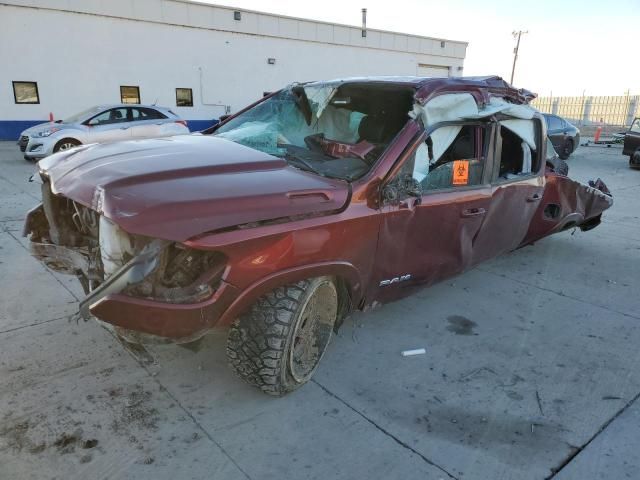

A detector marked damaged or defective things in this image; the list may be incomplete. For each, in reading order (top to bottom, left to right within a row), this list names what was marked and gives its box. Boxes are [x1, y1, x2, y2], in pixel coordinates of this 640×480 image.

crumpled front end [22, 179, 239, 342]
shattered windshield [215, 82, 412, 180]
rollover damage [25, 77, 612, 396]
severely damaged truck [25, 77, 616, 396]
bent door [372, 124, 492, 304]
bent door [470, 118, 544, 264]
________
■ ASSIGNED TASK ■
Without including any pictures, print all of the material exactly as given.

■ ANSWER SPACE ■
A detector marked damaged or defective things in this image; the list may be incomplete. For each, in reading order (top to bottom, left to right within a row), this list names what was marked and gives its box. Boxes are [x1, y1, x2, y2], in pixel coordinates of this 640×480 image.

crumpled front end [22, 179, 239, 342]
shattered windshield [215, 82, 412, 180]
rollover damage [25, 77, 612, 396]
severely damaged truck [25, 77, 616, 396]
bent door [372, 124, 492, 304]
bent door [470, 118, 544, 264]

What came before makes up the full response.